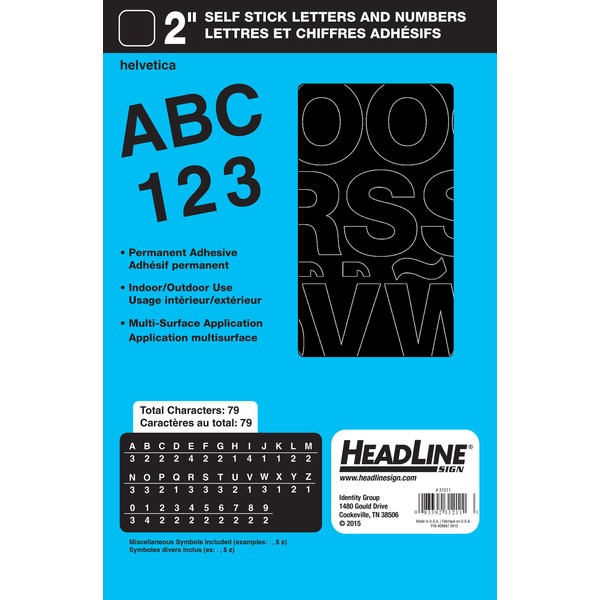 Headline Sign 31211 Stick-On Vinyl Letters and Numbers, Black, 2-Inch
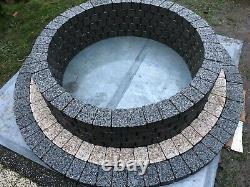 150cm Fire Pit granite concrete Fireplace slab dark gray Garden Patio Garden BBQ
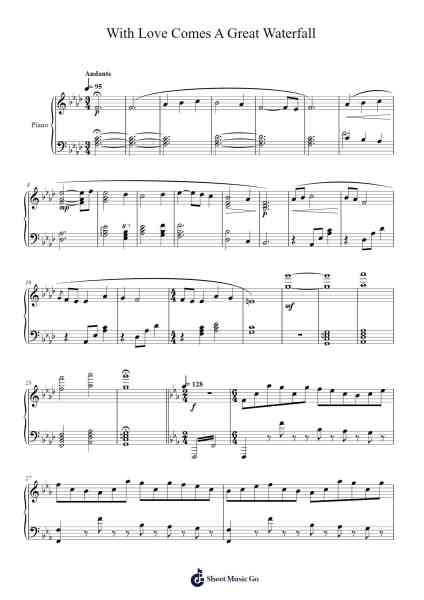 With Love Comes A Great Waterfall Sheet Music by John Powell/Dragoness16-Arr.Bonnes Junemiah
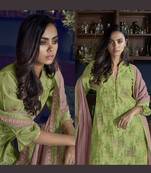 green Art Silk semi stitched embroidered top & bottom with dupatta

• Description of the task:
The answer must be the full listing, exact in every line, with the pictures removed.

• Solution to the exercise:
 Headline Sign 31211 Stick-On Vinyl Letters and Numbers, Black, 2-Inch
 150cm Fire Pit granite concrete Fireplace slab dark gray Garden Patio Garden BBQ
 With Love Comes A Great Waterfall Sheet Music by John Powell/Dragoness16-Arr.Bonnes Junemiah
 green Art Silk semi stitched embroidered top & bottom with dupatta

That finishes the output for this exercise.